This is a hugely important book for me. When I first read it in 1976 (aged 9), it hadn't previously occurred to me that you could write about stories as well as writing stories, and I also had no idea that Doctor Who had started years before I was born. The bits about how a TV programme is made rather bounced off me at the time (which is ironic given the amount of TV work I actually do these days), but the establishment of Who history here, with semi-canonical names given to the pre-Savages stories for the very first time, remains fascinating as a process - and also to observe what is left out (the six episodes of The Wheel in Space, for instance, are brushed off in seven lines).

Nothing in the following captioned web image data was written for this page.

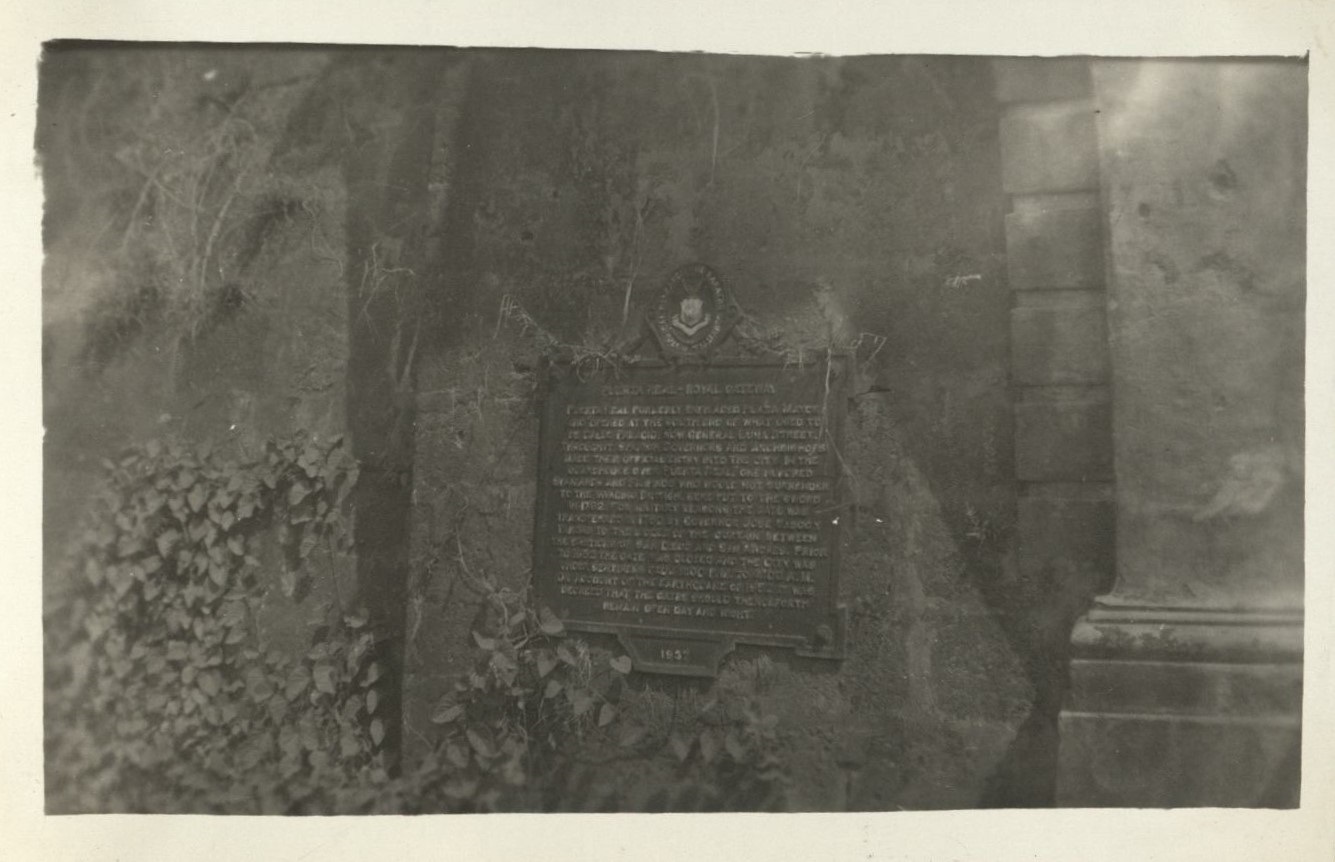 Puerta Real – Royal Gateway [Historical marker].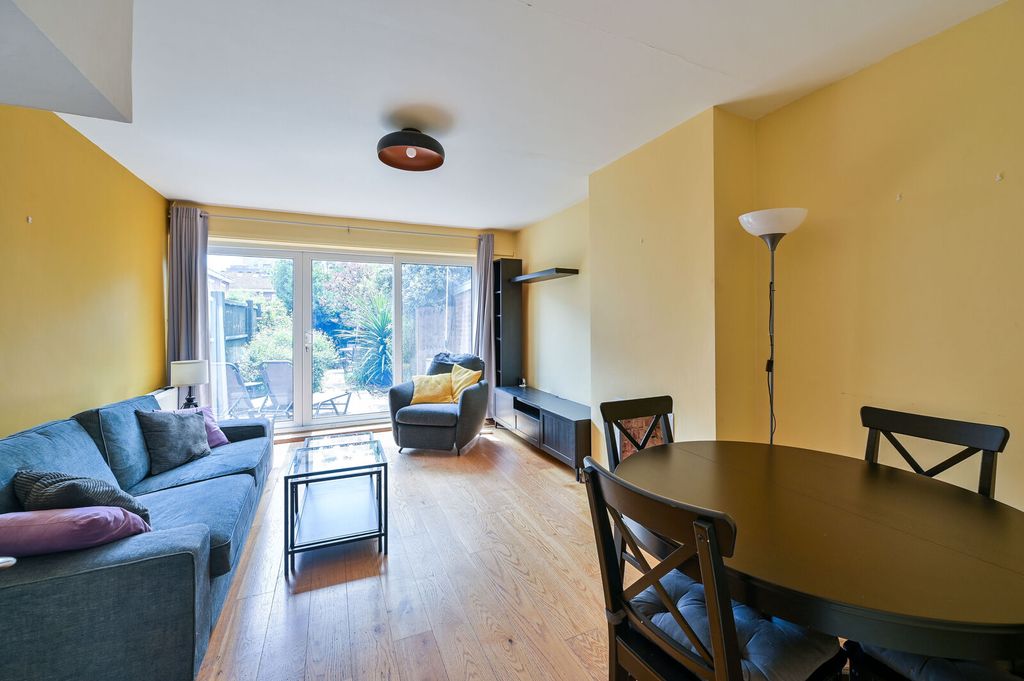 Property photo 2 of 12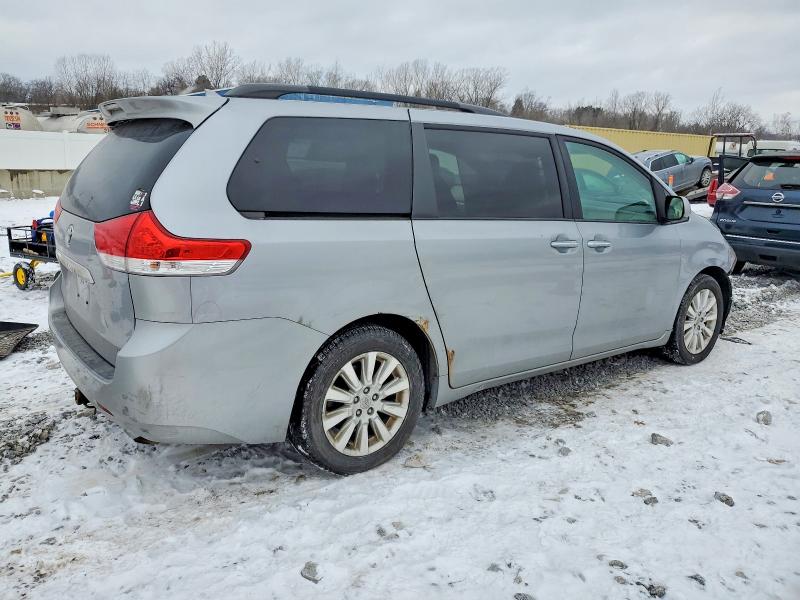 Photo 3 from auction – 2012 TOYOTA SIENNA XLE with VIN 5TDDK3DC3CS048160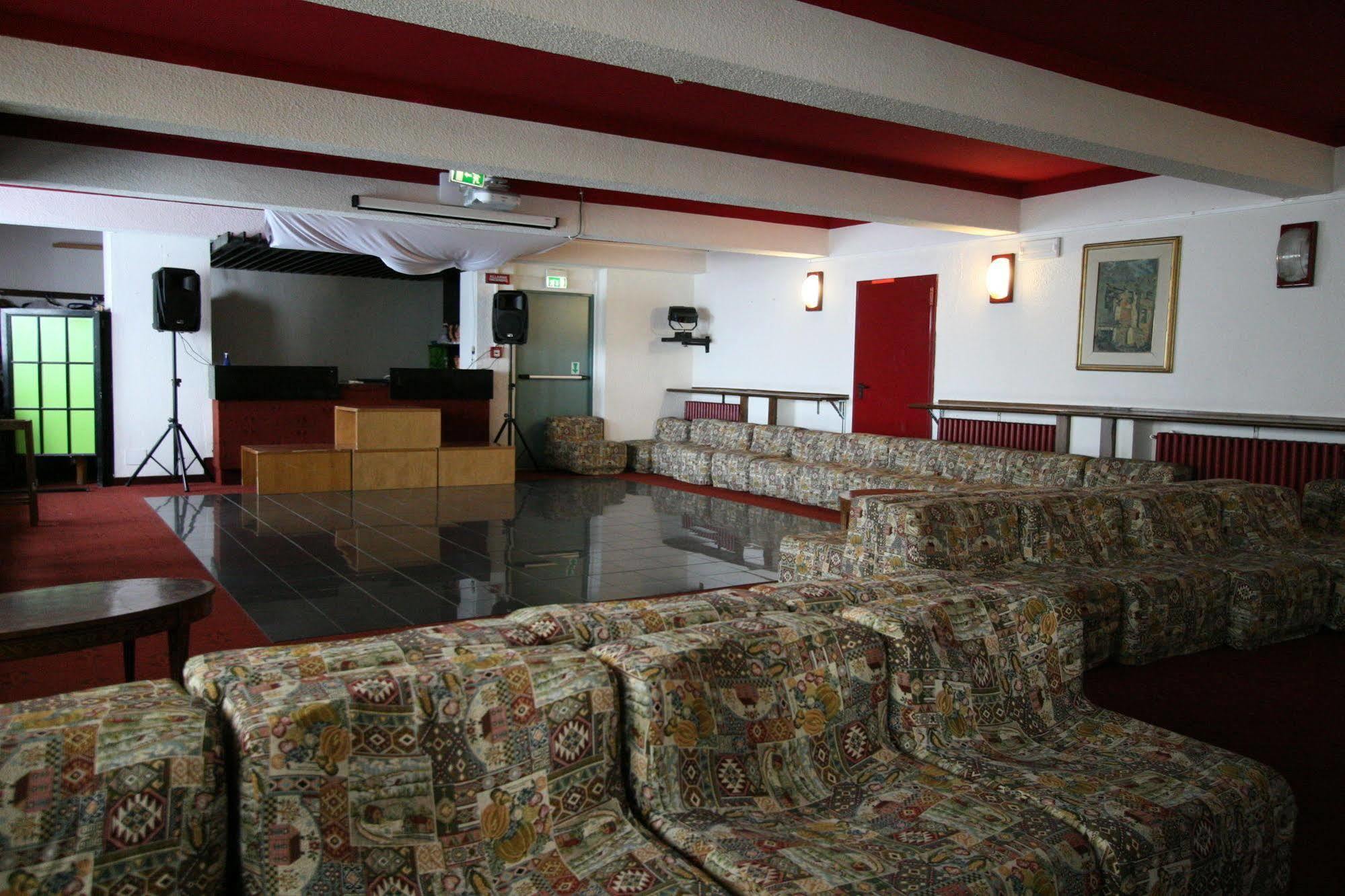 Hotel Lo Stambecco Breuil-Cervinia Bagian luar foto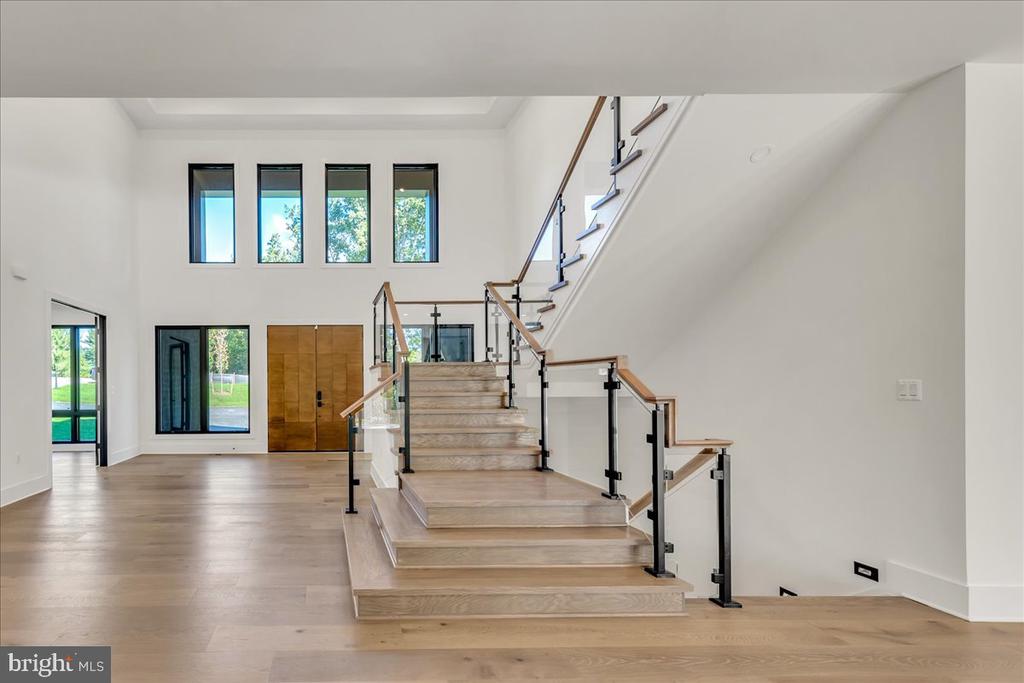 Oak Hill, Virginia, 20171, United States, 4 Bedrooms Bedrooms, ,6 BathroomsBathrooms,Residential,For Sale,1975250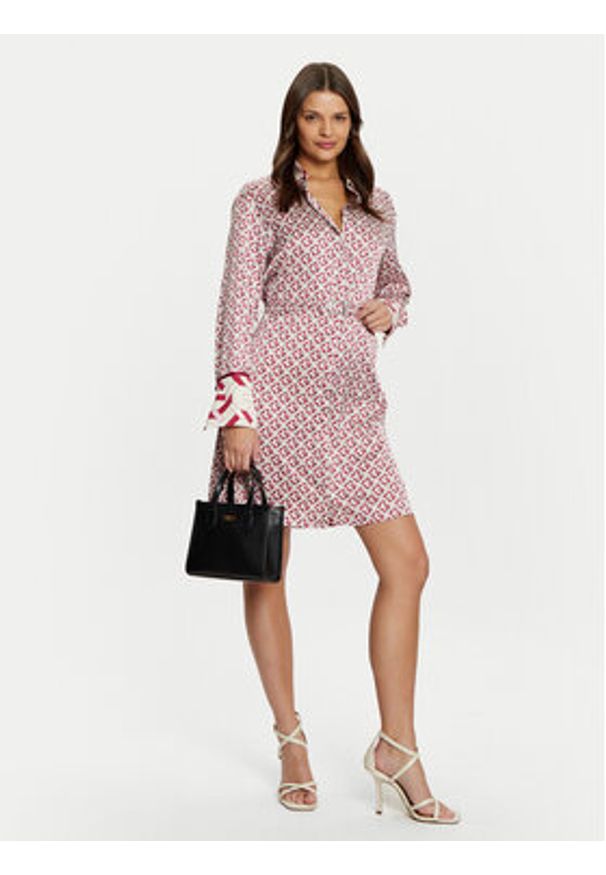 Guess Sukienka koszulowa W5RK40 WF1T2 Różowy Regular Fit. Kolor: różowy. Materiał: syntetyk. Typ sukienki: koszulowe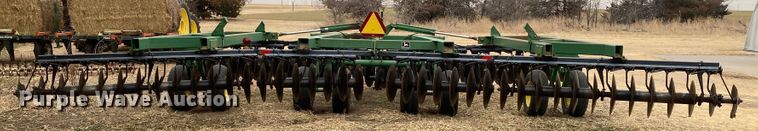 image for item DM8343 John Deere 630  double off-set disk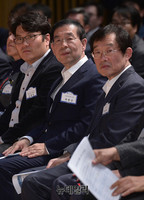 [포토] 근로자이사제 기념식, 대화나누는 박원순-이용득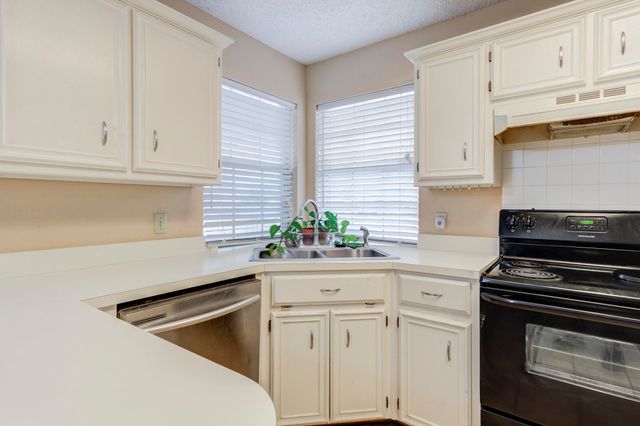 2328 93rd Place, Lubbock, TX 79423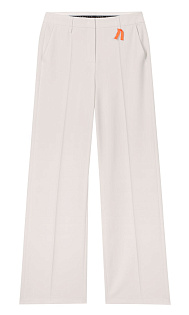 Широкие брюки со стрелками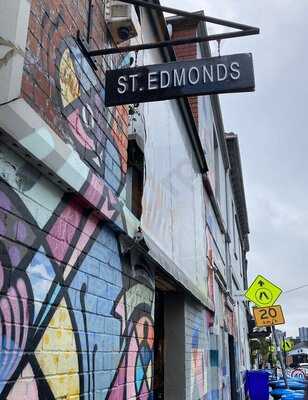 St Edmond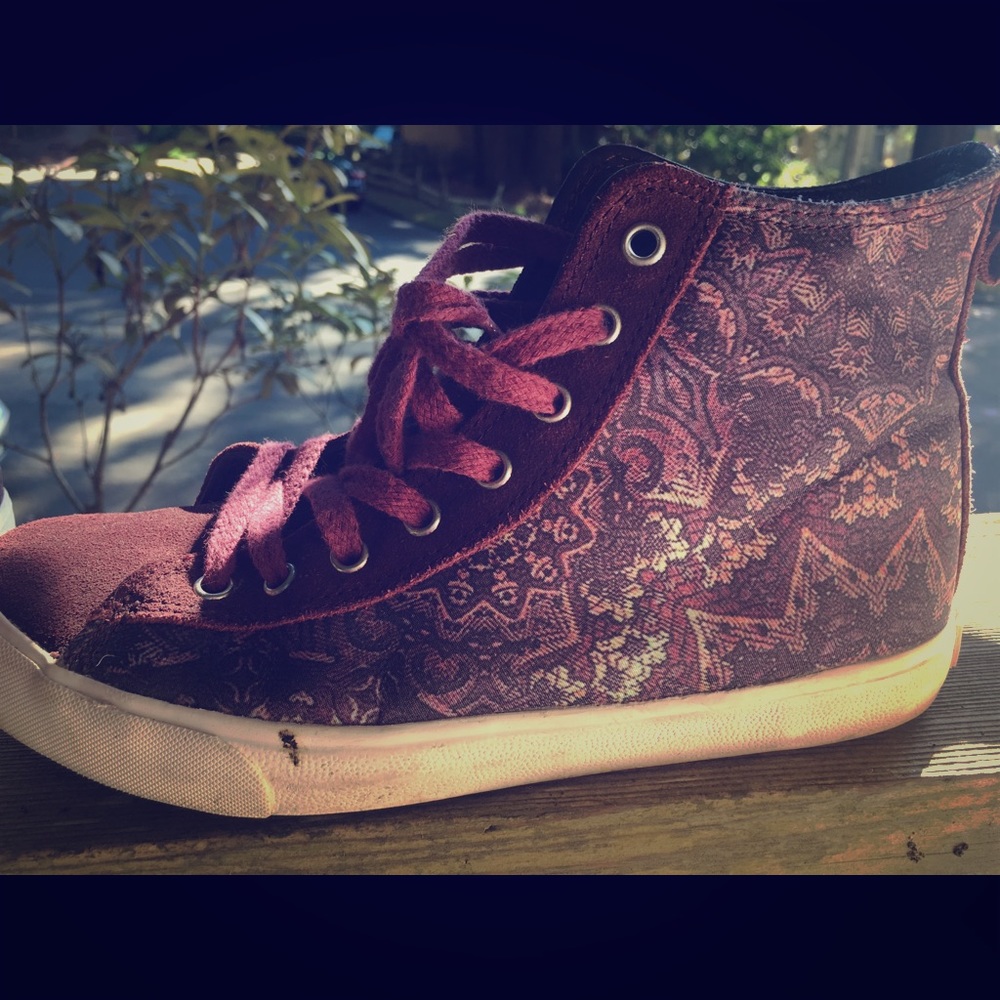 Inkka High Tops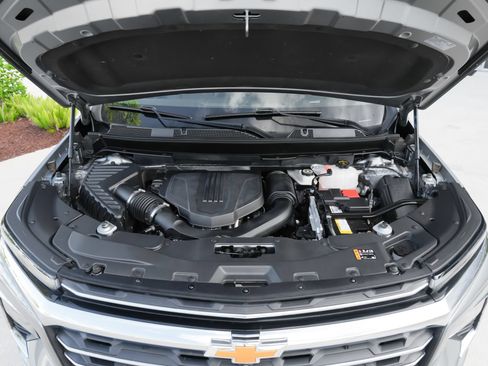 Used 2024 Chevrolet Traverse LT FWD image 46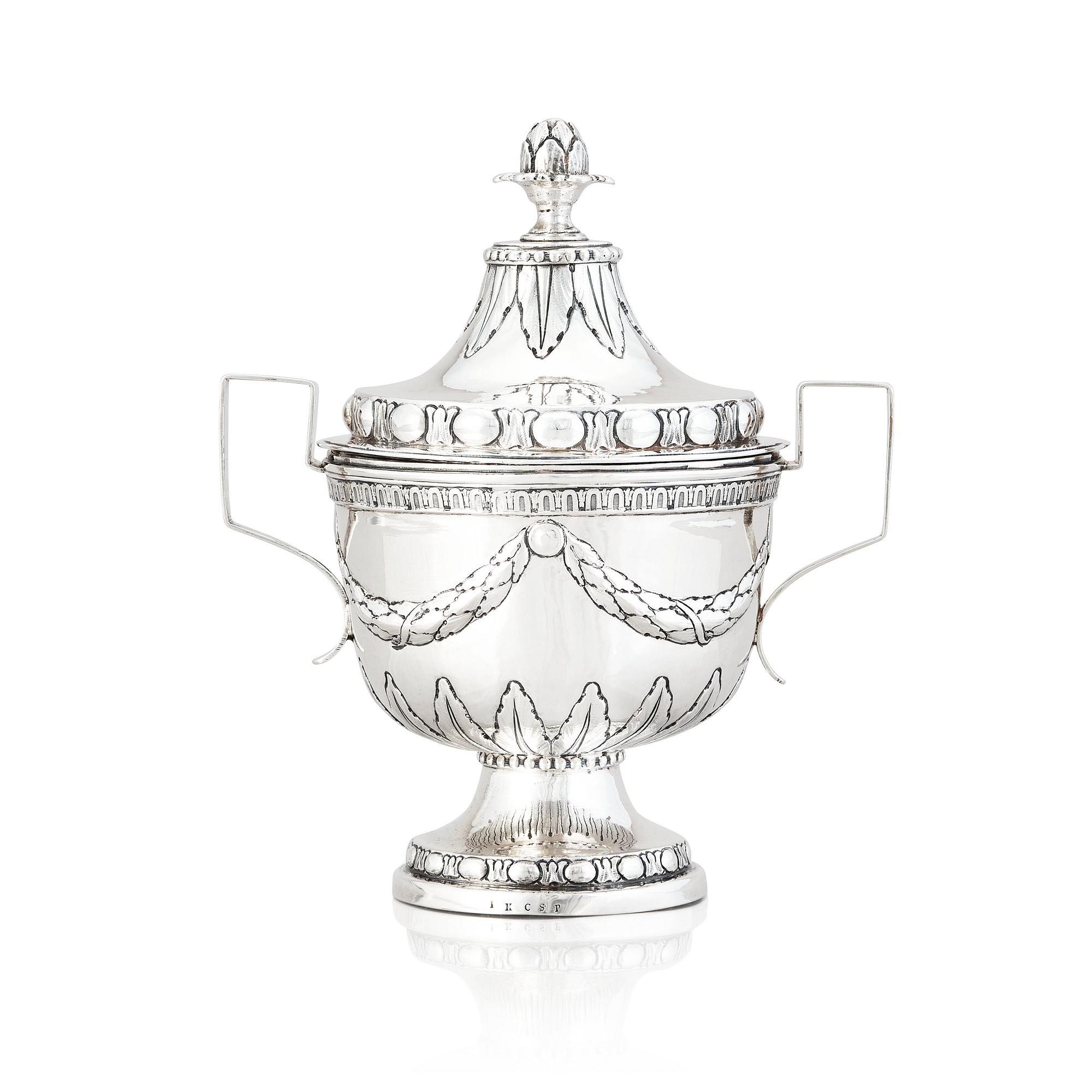 Lars Boye, sockerskål med lock, silver, Stockholm 1780. Gustaviansk.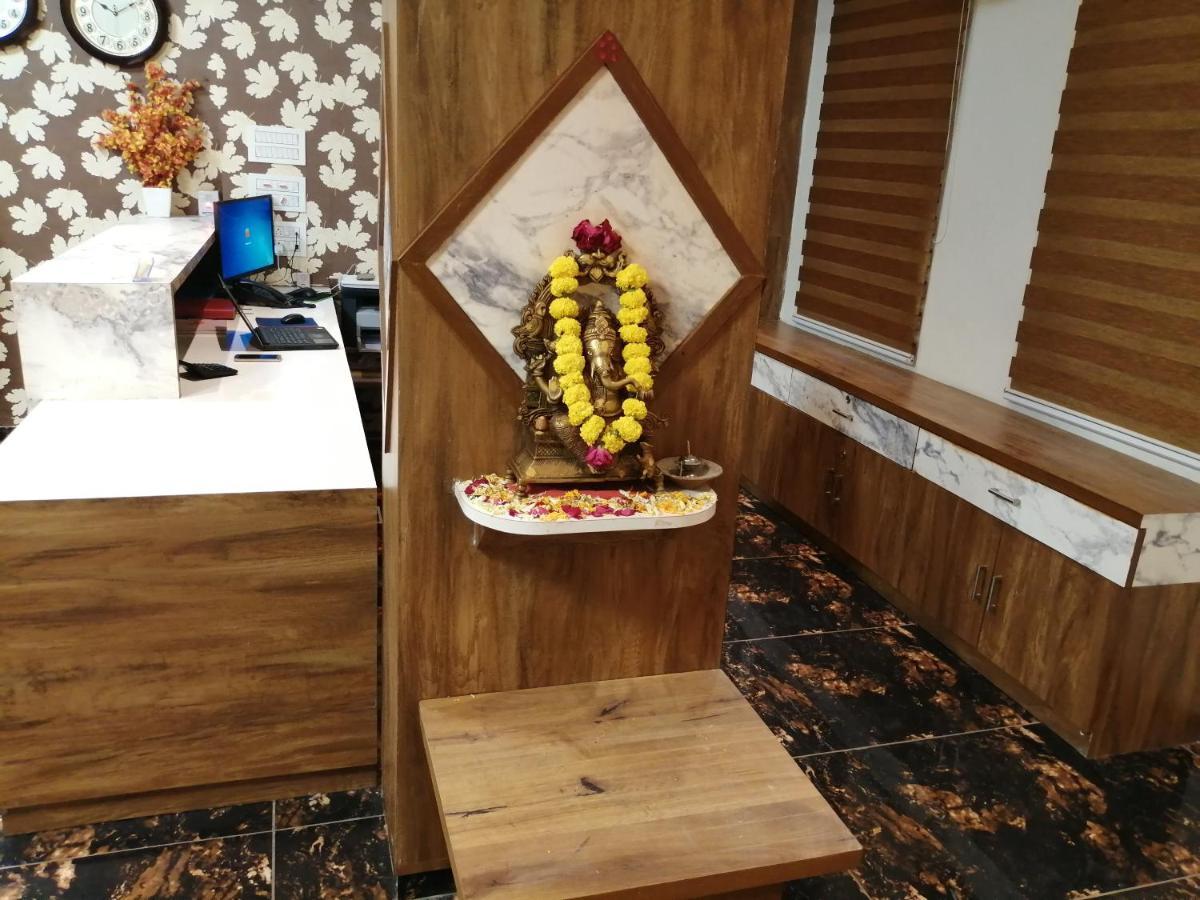 Hotel Golden City Vadodara Buitenkant foto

Now that I have a copy of the
first edition from 1972 as well, it's interesting to compare and contrast. I sense that Dicks took a pretty heavy hand in rewriting almost every chapter of Hulke's original text, sometimes from scratch, sometimes (the chapters on the Daleks and "How To Make A Monster") just with a light touch of editorial improvements. Gone is the nonsense about the Doctor's real name being ∂³∑x², let alone the
bizarre postscript from the Rev. John D. Beckwith, Chaplain to the Bishop of Edmonton; but in comes plentiful cross-referencing to the Target novelisations, which of course were very new then and had not been around at all in 1972.
There is huge nostalgia value to it anyway, but I also think that for what it is trying to be, it is still a good book, and the foundation of Whovian reference books ever since.